I would strongly advise you to go with the rainbow shark. I like the red tails but they just chase everything all day if they get close to them.


----------



## kuni (May 7, 2010)

Roseline sharks are beautiful but they really prefer bigger tanks with high flow. They get quite large, too.


----------



## VadimShevchuk (Sep 19, 2009)

Is a shark necessary? I think a pair of angels with 15-20 rummy nose tetras and an addition of 3-5 ottos and corys would look stunning. I also have the same stand and it's very solid. looking forward to updates.


----------



## Mellyn (Jul 20, 2005)

A shark isn't necessary, but it's a condition of me getting the tank that my boyfriend gets to choose a fish. He wants all of the enjoyment and none of the work. lol

He also liked black mollies, so maybe he's attracted to black fish? Oh well, my fish will be introduced first and then we'll figure out his fish.


----------



## VadimShevchuk (Sep 19, 2009)

Here is a black lace angelfish. Ask your husband if he likes these?

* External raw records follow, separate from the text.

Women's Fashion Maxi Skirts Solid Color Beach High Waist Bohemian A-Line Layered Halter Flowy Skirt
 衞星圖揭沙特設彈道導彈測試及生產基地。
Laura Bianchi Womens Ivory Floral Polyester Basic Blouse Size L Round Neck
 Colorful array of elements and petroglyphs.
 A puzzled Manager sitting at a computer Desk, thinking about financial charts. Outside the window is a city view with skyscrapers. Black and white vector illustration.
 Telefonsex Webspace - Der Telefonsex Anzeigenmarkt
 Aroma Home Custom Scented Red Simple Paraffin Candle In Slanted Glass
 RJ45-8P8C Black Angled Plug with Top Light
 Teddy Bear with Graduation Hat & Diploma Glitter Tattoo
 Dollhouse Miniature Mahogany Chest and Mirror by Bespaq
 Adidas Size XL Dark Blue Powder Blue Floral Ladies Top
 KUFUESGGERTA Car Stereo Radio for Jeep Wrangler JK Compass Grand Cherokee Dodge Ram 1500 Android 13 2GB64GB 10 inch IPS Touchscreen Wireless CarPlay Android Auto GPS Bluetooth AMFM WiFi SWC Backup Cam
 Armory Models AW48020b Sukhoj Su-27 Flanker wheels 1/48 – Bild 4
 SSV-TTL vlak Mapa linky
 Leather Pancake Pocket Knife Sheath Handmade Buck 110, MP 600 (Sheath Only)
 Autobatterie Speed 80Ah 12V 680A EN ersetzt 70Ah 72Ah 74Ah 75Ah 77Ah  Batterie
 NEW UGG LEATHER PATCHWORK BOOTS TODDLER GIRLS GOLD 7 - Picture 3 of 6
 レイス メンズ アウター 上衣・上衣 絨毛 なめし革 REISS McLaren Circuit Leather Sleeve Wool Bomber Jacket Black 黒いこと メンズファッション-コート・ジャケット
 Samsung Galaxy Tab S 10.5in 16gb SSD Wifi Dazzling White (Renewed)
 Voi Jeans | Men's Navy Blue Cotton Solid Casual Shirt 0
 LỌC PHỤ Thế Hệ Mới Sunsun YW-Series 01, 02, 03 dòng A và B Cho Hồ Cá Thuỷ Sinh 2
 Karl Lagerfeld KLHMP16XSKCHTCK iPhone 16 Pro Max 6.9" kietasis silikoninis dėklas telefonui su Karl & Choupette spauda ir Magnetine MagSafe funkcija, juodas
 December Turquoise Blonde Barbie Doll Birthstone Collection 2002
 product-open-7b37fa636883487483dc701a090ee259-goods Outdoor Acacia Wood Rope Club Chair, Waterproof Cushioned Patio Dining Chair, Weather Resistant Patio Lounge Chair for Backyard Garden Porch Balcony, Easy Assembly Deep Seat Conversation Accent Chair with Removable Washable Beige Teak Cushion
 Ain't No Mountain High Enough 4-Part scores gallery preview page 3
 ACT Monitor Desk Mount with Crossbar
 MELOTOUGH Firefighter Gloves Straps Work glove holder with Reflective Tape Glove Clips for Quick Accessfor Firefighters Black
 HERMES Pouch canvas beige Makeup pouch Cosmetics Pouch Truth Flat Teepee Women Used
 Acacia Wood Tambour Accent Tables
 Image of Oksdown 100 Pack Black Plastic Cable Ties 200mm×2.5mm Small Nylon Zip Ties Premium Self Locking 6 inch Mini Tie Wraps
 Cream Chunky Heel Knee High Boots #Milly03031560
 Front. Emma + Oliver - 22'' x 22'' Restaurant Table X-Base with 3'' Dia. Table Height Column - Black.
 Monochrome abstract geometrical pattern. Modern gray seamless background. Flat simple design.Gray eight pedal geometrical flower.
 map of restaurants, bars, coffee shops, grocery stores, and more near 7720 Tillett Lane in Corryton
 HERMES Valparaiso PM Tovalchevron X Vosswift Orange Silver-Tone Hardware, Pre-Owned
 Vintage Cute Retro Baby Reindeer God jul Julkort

http://img501.imageshack.us/img501/6327/blackangelfishjpgyn4.jpg


----------



## Mellyn (Jul 20, 2005)

VadimShevchuk said:


> Here is a black lace angelfish. Ask your husband if he likes these?
> 
> http://img501.imageshack.us/img501/6327/blackangelfishjpgyn4.jpg


I tried to get him interested in angels, but he just doesn't like them.  They are very beautiful.


----------



## Betta Maniac (Dec 3, 2010)

Bettas come in black . . . and the black crowntails are very punk rock, LOL!


----------



## problemman (Aug 19, 2005)

I love the black plakets


----------



## Mellyn (Jul 20, 2005)

Ffffffffuuuuuuudge! The tracking now says "Damaged, handling per shipper instructions". I'm going to try and call FedEx tomorrow and see what's going on.  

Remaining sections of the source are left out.